ED1100 Engineering Science 7.5 credits

Ingenjörsvetenskap

This is a course in Engineering Science with emphasis on mathematical modelling, aimed to give the student skills in usage of mathematical models to treat and understand problems in technology and natural science. The course also treats the history of technology, the role of the engineer in society and related gender issues.

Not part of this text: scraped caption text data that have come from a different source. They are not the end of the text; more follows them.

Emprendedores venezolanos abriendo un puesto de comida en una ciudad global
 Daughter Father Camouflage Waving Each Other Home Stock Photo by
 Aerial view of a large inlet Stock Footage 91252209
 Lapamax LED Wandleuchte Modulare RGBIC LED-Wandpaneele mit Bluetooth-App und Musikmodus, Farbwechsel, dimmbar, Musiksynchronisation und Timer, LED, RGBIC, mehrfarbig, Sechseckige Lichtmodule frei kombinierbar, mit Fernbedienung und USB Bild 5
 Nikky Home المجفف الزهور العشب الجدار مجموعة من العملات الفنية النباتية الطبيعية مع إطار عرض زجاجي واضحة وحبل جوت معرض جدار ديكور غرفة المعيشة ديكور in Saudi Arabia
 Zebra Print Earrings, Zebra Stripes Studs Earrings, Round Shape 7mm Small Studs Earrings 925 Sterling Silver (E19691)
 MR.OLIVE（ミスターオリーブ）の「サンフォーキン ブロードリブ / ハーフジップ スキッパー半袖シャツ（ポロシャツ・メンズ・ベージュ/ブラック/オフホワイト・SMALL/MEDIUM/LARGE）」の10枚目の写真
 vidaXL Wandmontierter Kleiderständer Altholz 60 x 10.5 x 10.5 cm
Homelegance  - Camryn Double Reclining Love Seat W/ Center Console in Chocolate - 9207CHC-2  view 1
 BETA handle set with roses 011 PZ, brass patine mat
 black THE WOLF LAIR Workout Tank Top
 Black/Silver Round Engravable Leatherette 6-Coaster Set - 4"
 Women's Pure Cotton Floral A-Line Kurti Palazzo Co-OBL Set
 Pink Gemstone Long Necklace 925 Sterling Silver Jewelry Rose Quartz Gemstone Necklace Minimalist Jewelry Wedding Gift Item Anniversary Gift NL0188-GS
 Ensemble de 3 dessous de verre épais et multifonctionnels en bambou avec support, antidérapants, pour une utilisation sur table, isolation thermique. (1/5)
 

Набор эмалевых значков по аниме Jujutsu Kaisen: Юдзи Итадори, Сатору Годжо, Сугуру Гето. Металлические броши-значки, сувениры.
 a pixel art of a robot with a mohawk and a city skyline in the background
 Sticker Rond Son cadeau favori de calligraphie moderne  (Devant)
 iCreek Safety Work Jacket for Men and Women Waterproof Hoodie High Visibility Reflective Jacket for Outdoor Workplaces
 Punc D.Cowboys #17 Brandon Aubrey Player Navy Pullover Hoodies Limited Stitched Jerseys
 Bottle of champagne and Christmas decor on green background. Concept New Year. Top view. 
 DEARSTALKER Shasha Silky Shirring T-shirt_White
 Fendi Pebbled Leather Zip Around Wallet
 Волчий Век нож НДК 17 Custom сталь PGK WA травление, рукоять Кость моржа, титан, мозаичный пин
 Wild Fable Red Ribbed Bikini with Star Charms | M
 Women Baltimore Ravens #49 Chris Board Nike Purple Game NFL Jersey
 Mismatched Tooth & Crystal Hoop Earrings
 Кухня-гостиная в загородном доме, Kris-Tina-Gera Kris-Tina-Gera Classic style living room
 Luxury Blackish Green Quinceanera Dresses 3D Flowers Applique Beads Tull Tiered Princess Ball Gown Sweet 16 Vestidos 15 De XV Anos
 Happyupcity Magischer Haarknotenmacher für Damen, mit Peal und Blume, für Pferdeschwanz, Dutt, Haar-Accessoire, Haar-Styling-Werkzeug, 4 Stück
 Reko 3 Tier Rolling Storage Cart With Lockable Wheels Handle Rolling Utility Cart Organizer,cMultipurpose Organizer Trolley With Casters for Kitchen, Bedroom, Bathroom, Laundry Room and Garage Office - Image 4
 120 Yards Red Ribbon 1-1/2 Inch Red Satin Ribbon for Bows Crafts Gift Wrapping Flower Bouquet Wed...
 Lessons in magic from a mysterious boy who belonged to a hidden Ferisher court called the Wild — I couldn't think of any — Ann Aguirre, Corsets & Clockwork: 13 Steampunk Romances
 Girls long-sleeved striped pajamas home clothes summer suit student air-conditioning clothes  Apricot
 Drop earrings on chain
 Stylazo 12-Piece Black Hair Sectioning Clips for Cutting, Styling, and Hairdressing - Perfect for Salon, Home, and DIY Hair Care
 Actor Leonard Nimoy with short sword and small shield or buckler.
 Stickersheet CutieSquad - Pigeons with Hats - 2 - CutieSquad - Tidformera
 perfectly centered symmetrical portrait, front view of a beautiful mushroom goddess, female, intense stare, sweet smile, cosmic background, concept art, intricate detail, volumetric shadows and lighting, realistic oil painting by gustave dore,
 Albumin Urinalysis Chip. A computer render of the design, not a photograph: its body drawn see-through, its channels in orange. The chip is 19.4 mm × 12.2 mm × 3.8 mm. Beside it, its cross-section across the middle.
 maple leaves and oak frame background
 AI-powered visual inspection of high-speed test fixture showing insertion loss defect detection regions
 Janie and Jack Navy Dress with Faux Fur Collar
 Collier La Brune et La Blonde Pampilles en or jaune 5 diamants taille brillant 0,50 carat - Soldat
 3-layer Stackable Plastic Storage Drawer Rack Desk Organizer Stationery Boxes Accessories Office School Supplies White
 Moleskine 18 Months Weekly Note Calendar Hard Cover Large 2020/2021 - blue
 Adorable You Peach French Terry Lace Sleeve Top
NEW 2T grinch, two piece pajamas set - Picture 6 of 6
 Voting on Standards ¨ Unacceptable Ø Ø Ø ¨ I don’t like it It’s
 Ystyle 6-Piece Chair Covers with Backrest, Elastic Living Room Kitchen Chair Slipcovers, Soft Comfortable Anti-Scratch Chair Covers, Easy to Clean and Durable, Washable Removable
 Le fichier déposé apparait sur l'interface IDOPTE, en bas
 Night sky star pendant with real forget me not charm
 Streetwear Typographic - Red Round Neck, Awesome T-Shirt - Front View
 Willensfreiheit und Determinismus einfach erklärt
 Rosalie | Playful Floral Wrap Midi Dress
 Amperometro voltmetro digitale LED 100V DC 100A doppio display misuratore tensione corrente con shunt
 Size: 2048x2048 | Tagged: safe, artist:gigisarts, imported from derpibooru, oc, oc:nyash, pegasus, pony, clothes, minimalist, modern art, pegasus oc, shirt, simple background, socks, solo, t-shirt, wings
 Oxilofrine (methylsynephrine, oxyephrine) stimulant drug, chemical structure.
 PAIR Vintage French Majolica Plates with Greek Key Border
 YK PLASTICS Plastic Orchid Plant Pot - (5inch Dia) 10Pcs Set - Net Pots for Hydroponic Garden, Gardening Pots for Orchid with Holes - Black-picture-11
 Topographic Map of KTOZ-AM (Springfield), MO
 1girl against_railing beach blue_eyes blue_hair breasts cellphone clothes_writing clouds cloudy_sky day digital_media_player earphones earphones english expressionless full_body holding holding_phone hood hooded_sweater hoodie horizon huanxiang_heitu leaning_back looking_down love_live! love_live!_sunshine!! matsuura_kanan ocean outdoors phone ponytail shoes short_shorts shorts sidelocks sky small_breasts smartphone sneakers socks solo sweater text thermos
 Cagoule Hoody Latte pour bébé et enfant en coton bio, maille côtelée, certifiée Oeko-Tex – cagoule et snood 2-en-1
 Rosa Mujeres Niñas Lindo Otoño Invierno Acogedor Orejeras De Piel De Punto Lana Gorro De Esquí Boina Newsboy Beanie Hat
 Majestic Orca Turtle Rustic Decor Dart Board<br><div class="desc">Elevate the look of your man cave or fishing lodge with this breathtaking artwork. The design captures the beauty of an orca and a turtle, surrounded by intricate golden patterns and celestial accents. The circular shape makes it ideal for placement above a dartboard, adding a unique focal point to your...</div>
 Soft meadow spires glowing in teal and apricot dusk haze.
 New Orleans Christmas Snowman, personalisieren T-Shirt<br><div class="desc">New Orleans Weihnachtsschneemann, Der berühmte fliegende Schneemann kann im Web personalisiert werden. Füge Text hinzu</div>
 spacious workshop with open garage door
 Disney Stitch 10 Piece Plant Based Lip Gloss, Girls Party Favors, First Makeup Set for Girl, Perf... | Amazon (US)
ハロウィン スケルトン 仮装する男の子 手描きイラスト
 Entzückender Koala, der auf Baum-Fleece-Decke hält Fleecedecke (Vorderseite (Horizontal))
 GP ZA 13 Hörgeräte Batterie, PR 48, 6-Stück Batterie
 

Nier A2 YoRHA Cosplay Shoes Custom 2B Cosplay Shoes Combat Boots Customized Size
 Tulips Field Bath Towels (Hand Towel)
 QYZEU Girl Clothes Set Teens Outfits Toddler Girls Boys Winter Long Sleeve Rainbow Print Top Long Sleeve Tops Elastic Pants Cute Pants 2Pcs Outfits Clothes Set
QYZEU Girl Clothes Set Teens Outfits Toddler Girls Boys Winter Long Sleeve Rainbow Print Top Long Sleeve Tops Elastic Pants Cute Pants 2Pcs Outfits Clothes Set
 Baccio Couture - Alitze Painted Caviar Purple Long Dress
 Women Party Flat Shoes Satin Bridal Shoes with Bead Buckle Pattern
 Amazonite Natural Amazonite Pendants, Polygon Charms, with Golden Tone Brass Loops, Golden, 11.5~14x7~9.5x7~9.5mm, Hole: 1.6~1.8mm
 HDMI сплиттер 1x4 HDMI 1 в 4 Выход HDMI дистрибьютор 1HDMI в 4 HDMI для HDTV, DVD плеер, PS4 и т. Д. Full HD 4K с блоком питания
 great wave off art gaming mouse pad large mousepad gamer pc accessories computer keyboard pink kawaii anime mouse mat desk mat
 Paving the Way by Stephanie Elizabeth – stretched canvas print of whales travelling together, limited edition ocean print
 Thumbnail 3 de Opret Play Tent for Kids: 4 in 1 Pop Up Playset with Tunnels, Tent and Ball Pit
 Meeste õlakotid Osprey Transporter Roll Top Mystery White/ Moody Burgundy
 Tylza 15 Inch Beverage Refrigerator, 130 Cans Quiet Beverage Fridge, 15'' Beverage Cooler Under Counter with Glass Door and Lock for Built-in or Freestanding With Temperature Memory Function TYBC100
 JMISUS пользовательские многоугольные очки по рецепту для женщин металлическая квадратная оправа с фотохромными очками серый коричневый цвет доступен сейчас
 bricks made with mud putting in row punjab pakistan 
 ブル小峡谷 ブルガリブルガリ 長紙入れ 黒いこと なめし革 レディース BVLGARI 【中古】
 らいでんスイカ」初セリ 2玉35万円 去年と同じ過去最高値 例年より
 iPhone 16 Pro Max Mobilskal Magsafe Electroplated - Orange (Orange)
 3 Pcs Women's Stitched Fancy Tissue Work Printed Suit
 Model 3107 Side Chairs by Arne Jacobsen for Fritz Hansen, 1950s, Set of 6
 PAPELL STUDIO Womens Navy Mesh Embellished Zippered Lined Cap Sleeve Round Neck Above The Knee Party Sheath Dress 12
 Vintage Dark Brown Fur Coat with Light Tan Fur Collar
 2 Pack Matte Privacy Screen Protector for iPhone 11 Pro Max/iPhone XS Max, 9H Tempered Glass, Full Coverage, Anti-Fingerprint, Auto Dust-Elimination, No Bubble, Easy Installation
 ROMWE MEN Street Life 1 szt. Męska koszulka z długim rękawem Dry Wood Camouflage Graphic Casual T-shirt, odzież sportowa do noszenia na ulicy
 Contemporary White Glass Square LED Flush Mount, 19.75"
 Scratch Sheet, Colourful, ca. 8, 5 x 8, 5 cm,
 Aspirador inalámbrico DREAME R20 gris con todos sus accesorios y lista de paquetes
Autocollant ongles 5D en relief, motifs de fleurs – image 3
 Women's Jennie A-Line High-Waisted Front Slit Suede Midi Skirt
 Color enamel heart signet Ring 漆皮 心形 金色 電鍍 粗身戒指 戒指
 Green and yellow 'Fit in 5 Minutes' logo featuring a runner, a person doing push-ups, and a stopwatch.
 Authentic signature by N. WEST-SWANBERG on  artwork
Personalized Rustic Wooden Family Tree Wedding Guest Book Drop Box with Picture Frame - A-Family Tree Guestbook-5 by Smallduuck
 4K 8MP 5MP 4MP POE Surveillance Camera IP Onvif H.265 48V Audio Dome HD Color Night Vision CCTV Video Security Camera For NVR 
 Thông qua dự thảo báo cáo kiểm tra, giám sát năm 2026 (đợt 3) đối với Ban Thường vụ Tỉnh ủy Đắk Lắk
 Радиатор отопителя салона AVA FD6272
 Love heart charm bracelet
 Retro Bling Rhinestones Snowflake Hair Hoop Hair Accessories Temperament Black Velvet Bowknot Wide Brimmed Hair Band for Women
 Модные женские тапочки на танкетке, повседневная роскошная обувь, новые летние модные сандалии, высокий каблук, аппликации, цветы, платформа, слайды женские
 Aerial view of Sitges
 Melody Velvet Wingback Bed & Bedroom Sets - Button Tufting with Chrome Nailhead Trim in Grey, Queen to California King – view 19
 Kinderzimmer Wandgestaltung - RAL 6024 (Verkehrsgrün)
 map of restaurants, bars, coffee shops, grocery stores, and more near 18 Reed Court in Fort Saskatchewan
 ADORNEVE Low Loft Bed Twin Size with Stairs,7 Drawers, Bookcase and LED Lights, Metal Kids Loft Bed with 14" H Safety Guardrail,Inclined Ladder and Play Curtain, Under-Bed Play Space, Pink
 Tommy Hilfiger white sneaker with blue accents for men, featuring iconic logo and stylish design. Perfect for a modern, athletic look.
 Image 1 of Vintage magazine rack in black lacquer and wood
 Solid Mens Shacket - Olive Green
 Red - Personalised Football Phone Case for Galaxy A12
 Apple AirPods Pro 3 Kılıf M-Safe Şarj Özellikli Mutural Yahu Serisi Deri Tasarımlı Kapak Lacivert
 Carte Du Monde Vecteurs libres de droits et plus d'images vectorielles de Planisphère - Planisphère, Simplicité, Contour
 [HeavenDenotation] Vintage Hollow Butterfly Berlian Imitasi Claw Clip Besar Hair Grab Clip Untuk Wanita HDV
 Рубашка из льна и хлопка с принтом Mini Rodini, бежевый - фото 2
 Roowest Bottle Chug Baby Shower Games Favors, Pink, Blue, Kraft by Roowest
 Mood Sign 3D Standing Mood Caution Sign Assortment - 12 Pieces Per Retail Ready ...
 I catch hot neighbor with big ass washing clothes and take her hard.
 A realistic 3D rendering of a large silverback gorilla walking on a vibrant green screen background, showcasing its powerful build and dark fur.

The course design is based on learning centred pedagogics. The examination is based on continuous activitiy of the student.  

  • Education cycle

    First cycle
  • Main field of study

    Electrical Engineering
    Technology
  • Grading scale

    P, F

Course offerings

Autumn 19 CLGYM for programme students

  • Periods

    Autumn 19 P1 (7.5 credits)

  • Application code

    50582

  • Start date

    26/08/2019

  • End date

    25/10/2019

  • Language of instruction

    Swedish

  • Campus

    KTH Campus

  • Tutoring time

    Daytime

  • Form of study

    Normal

  • Number of places

    No limitation

  • Course responsible

    Jan Scheffel <jan.scheffel@ee.kth.se>

  • Teacher

    Jan Scheffel <jan.scheffel@ee.kth.se>

  • Target group

    CLGYM year 1, but also open for all programmes.

  • Part of programme

Autumn 18 CLGYM for programme students

Intended learning outcomes

Technology does not exist in Nature - all of technology is designed by man. While the natural sciences focus on laws of Nature, the science of technology is mainly concerned with the methods we humans use to design and manufacture objects and procedures. Engineering Science extends technology to include topics as mathematical modelling, history of technology and the engineer's professional role. These are also the main topics for this course in Engineering Science.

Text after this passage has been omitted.